Why is Fiat Chrysler CEO Sergio Marchionne today presenting his latest business plan for the Italian automaker at Chrysler's U.S. headquarters near Detroit, and not at Fiat's base in Turin? The answer: He's following the money.
Detroit is much closer to the world's financial capital, New York's Wall Street, than Turin. Marchionne plans to list the newly combined Fiat Chrysler Automobiles in New York by year-end, a move aimed mainly at reducing the huge interest costs that have held back product launches for the past five years.
Last year Fiat -- including Chrysler, Ferrari, Maserati and the group's components businesses -- spent 1.96 billion euros ($2.73 billion) in interest servicing 26.8 billion euros in gross industrial debt. This amount could have funded the launch of four new vehicles at product-starved Fiat.
Marchionne has said that Fiat's listing on the Italian stock market means the company's borrowing costs are higher than they would be in New York.

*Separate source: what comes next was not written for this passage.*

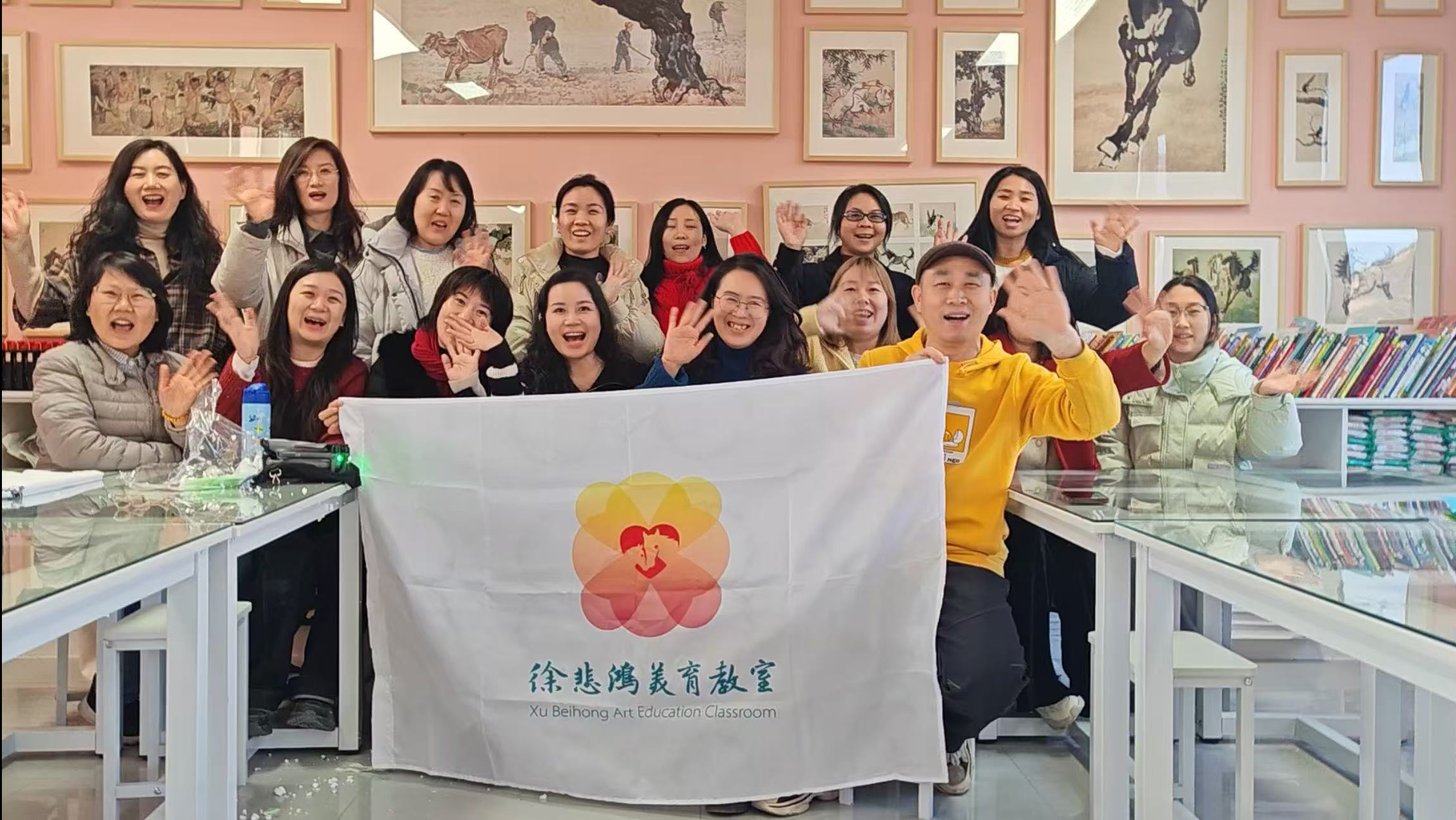 践行徐悲鸿、廖静文伉俪精神 ｜公益美育支教走进延安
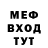 МЕТАДОН кристалл 3.Blyat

Transforming Fiat Chrysler into a fully international company could mean lowering borrowing costs by at least 2 percentage points to below 5 percent from the 6.8 percent paid by Fiat last year. Saving 2 percentage points would free up almost $700 million a year, equivalent to adding a new model annually without affecting the bottom line.
Also, with a Wall Street listing, Fiat Chrysler's financials would be reported in U.S. dollars rather than euros. The difference? A 150 billion euro revenue target for 2018 will turn into a more appealing $200 billion.
Editor's note: An earlier version of this had a typographical error on the U.S. dollar translation Fiat Chrysler's annual interest expense. The corrected figure is $2.73 billion.